I know Goju-Shorei is not kenpo, but there may be enough similarities to benefit from Master Dave McNeill's teachings at the upper levels of his weapons course: http://www.gojushorei.com/weapons.htm

He's always been very open and responsive whenever I've emailed him, although we've never met.


----------



## Ceicei (Nov 8, 2007)

kidswarrior said:


> Hi Ceicei,
> 
> I know Goju-Shorei is not kenpo, but there may be enough similarities to benefit from Master Dave McNeill's teachings at the upper levels of his weapons course: http://www.gojushorei.com/weapons.htm
> 
> He's always been very open and responsive whenever I've emailed him, although we've never met.



Thank you for the tip.  I'll check what is there....



			
				Ceicei said:
			
		

> I shall also send an email to Mr. Sumner.



I did get a nice "welcome" response from Mr. Sumner to my "first contact" email before I sent my questions to him in a second email.  I haven't received an answer to my questions yet; I think it'll be within a week though.  He is busy enough as is....

- Ceicei


----------



## Flying Crane (Nov 8, 2007)

Ceicei said:


> I did get a nice "welcome" response from Mr. Sumner to my "first contact" email before I sent my questions to him in a second email. I haven't received an answer to my questions yet; I think it'll be within a week though. He is busy enough as is....
> 
> - Ceicei


 
He mentioned to me on Tuesday night that he got an email from you.  I think you posted the link to this thread?  He said he was having difficulty getting to the thread, the system kind of bounced him or something.

You might want to just ask the questions directly in your email, rather than asking him to come and read the thread.  It think the direct communication will be easier.


----------



## Ceicei (Nov 13, 2007)

Flying Crane said:


> He mentioned to me on Tuesday night that he got an email from you.  I think you posted the link to this thread?  He said he was having difficulty getting to the thread, the system kind of bounced him or something.
> 
> You might want to just ask the questions directly in your email, rather than asking him to come and read the thread.  It think the direct communication will be easier.



I did send him an email directly (a second one with my questions) later that night, but hadn't heard back since that time.  I wasn't sure if he just didn't have time to answer or if he never got it.  Should I send the email with my questions again?

- Ceicei


----------



## Flying Crane (Nov 14, 2007)

Ceicei said:


> I did send him an email directly (a second one with my questions) later that night, but hadn't heard back since that time. I wasn't sure if he just didn't have time to answer or if he never got it. Should I send the email with my questions again?
> 
> - Ceicei


 
I just saw him last night and he never mentioned it.  Maybe he didn't get it, you could resend and see what he says.
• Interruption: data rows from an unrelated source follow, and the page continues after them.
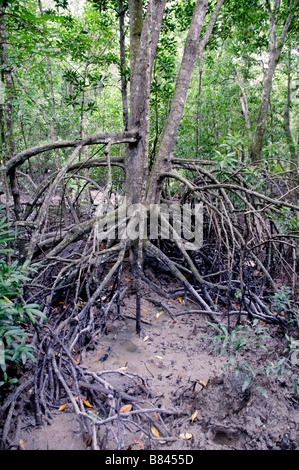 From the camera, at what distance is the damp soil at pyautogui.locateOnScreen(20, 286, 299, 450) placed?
1749mm

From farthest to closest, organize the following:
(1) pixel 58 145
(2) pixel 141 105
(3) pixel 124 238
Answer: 1. (2) pixel 141 105
2. (3) pixel 124 238
3. (1) pixel 58 145

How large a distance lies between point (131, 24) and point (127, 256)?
288cm

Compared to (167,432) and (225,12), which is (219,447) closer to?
(167,432)

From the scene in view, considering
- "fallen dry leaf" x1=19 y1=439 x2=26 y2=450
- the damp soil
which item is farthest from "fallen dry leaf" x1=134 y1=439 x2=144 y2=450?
"fallen dry leaf" x1=19 y1=439 x2=26 y2=450

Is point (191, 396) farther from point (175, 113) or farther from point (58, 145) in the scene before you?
point (175, 113)

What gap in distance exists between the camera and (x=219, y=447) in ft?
5.73

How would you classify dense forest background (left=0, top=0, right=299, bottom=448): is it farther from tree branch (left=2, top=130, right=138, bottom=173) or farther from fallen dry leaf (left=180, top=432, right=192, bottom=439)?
fallen dry leaf (left=180, top=432, right=192, bottom=439)

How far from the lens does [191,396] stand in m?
2.08

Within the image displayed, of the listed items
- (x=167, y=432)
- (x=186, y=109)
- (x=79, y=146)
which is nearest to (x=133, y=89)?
(x=79, y=146)

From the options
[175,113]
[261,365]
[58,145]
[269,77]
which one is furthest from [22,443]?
[269,77]

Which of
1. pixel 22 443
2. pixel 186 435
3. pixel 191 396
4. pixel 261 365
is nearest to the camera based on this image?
pixel 22 443

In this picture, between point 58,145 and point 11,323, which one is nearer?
point 11,323

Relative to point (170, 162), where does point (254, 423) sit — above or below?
below

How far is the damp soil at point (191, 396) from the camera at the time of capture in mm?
1749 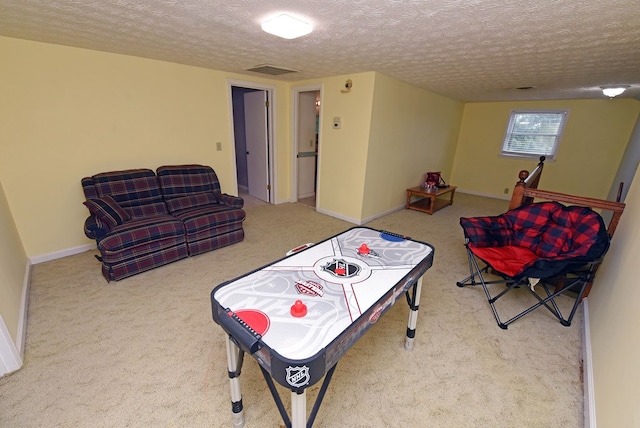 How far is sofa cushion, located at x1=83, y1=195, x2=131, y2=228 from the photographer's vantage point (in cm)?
251

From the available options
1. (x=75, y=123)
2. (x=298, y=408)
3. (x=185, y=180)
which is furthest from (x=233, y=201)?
(x=298, y=408)

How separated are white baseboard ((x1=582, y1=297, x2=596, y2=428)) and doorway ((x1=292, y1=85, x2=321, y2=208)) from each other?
355 centimetres

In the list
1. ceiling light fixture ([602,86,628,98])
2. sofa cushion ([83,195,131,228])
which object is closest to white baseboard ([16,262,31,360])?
sofa cushion ([83,195,131,228])

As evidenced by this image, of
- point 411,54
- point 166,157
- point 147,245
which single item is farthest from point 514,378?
point 166,157

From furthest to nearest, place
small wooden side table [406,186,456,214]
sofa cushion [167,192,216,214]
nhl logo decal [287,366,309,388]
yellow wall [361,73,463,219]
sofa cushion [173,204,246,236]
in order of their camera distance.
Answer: small wooden side table [406,186,456,214], yellow wall [361,73,463,219], sofa cushion [167,192,216,214], sofa cushion [173,204,246,236], nhl logo decal [287,366,309,388]

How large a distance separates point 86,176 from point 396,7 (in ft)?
11.1

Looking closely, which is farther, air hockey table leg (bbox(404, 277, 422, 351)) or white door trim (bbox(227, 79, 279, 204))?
white door trim (bbox(227, 79, 279, 204))

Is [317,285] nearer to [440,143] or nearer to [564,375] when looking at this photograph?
[564,375]

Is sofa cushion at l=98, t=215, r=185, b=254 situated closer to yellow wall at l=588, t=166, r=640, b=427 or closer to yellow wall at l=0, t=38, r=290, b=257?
yellow wall at l=0, t=38, r=290, b=257

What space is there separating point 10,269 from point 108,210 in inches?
30.0

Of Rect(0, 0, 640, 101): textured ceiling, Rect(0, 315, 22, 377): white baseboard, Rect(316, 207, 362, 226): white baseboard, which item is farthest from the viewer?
Rect(316, 207, 362, 226): white baseboard

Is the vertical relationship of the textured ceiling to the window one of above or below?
above

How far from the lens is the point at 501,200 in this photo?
19.5ft

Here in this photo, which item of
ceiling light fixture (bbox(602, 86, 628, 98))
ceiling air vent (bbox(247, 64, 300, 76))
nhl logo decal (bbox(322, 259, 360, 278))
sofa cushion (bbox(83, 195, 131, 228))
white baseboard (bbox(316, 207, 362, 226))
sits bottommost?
white baseboard (bbox(316, 207, 362, 226)) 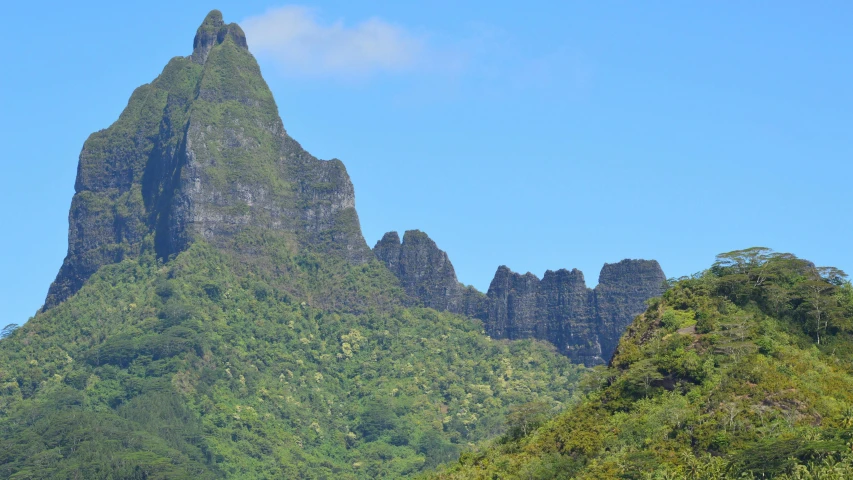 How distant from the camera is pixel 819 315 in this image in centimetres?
12750

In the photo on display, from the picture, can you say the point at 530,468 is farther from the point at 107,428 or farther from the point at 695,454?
the point at 107,428

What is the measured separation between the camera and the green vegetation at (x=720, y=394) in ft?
360

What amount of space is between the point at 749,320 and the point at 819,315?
5.53m

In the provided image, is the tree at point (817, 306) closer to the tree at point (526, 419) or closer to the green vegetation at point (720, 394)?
the green vegetation at point (720, 394)

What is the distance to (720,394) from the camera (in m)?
117

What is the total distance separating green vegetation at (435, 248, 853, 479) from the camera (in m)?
110

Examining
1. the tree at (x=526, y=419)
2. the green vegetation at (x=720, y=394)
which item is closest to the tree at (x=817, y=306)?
the green vegetation at (x=720, y=394)

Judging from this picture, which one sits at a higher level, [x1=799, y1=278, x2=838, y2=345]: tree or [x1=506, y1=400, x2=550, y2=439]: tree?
[x1=799, y1=278, x2=838, y2=345]: tree

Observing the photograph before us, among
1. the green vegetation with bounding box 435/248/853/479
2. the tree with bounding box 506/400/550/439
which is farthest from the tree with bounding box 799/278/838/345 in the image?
the tree with bounding box 506/400/550/439

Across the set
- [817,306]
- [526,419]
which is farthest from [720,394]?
[526,419]

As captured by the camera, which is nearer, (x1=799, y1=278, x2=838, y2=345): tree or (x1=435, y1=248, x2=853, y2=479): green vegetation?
(x1=435, y1=248, x2=853, y2=479): green vegetation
A couple students are getting ready to test so his head might be elsewhere right now, maybe he's just distracted.  But he's easy to talk to, I wouldn't be surprised if he is willing to answer your questions.


----------



## Goldendragon7 (Dec 26, 2007)

Ceicei said:


> Kenpo Seniors,
> Does American Kenpo have such a duality?  If so, is the "other side of training" reserved for black belt levels only, which would explain why I do not see such discussion of this topic within the colored belt levels?  Mr. Ed Parker seemed to hint of this duality with some of his writings in the _*Infinite Insights*_ books.
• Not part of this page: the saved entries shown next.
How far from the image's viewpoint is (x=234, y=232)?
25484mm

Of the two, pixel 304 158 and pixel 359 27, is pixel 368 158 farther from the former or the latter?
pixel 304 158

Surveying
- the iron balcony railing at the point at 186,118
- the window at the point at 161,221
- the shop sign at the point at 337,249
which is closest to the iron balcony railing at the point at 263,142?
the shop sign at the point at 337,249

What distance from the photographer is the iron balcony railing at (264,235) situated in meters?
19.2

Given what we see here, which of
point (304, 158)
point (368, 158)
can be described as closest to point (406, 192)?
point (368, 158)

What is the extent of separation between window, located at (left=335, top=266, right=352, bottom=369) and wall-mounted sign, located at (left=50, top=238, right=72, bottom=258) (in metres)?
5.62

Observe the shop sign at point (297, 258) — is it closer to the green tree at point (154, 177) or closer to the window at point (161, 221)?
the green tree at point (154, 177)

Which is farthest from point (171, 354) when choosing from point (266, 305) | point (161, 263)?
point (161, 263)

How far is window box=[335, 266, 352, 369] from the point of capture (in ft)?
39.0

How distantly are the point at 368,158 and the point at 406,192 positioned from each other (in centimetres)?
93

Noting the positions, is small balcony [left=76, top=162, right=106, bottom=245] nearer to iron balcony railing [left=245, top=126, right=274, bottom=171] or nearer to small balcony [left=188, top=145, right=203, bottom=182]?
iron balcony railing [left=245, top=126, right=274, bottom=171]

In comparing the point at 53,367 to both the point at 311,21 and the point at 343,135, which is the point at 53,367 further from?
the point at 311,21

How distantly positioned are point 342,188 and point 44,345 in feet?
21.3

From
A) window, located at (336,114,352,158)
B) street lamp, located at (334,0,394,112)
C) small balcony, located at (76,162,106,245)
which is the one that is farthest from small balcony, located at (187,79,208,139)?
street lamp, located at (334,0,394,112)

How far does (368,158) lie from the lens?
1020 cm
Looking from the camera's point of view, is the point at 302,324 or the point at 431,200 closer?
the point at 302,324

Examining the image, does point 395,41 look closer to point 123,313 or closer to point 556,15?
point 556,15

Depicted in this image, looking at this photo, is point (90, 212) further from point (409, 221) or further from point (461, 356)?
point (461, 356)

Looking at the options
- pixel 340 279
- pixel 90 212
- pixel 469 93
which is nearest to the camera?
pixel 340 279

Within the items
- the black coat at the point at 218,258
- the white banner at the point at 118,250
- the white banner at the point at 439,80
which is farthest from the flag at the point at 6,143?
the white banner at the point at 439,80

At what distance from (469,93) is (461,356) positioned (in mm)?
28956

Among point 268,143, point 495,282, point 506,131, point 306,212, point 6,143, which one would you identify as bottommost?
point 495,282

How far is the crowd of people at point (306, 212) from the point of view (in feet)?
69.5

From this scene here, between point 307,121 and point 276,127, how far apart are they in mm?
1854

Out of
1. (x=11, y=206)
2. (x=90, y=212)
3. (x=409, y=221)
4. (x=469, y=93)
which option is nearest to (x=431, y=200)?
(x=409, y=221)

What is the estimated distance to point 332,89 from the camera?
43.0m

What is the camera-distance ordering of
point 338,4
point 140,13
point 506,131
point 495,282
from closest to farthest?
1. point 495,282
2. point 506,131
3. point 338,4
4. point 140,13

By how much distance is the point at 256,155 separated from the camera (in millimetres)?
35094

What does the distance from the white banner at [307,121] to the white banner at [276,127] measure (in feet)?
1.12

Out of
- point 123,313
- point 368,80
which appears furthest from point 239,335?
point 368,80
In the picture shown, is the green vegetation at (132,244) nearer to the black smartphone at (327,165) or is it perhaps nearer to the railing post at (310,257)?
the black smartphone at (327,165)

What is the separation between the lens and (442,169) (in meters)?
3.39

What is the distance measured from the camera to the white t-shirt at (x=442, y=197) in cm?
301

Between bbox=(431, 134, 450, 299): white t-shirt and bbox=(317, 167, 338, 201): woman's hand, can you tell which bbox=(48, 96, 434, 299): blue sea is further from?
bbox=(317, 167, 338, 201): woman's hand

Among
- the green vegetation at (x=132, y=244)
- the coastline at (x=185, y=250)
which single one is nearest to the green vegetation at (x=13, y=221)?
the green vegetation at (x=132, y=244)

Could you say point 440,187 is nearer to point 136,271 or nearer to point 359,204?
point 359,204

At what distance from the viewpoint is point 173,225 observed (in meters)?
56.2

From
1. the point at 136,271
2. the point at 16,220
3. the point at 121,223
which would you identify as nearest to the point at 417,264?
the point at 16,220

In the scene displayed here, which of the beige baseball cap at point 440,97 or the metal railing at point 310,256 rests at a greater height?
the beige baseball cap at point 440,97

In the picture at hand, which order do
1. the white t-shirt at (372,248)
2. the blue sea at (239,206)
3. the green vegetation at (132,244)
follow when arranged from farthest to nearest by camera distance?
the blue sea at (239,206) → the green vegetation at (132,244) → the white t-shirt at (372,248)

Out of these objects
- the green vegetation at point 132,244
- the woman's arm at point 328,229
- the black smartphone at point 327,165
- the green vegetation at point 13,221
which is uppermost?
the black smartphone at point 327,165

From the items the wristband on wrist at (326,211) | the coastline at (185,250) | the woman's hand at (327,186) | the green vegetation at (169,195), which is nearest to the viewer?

The answer is yes (however) not *all *Kenpo Instructors completed enough of their training to be introduced to this level of training or understanding.  Many individuals sought out "Kenpo" instruction from Ed Parker, however, many were not committed to learning the complete system, only the technique sequences (which they believed to be THE system), Ed Parker had much, much more to share and was well versed on most of the various  martial arts in general.  If you didn't ask..... you most likely wouldn't get.  So depending on your advancement in the Art and how much you dug into the material is what most received.  The lower levels of instruction obviously deal with the foundational development while the upper levels deal with more philosophical issues.




Ceicei said:


> The reason why I feel this is really important for me to know is because I would like to become a very good American Kenpo instructor some day.




Keep at it!  "When the student is ready..... the teacher will appear".




Ceicei said:


> Unfortunately, my Jujitsu instructor doesn't know a lot about Kenpo, so he cannot give me much guidance where Kenpo itself is concerned.



Not unfortunately.............. He is a JuJitsu instructor.... NOT a KENPO instructor....... LOL  why should he be able to give guidence out of his realm of expertise.  


:asian:


----------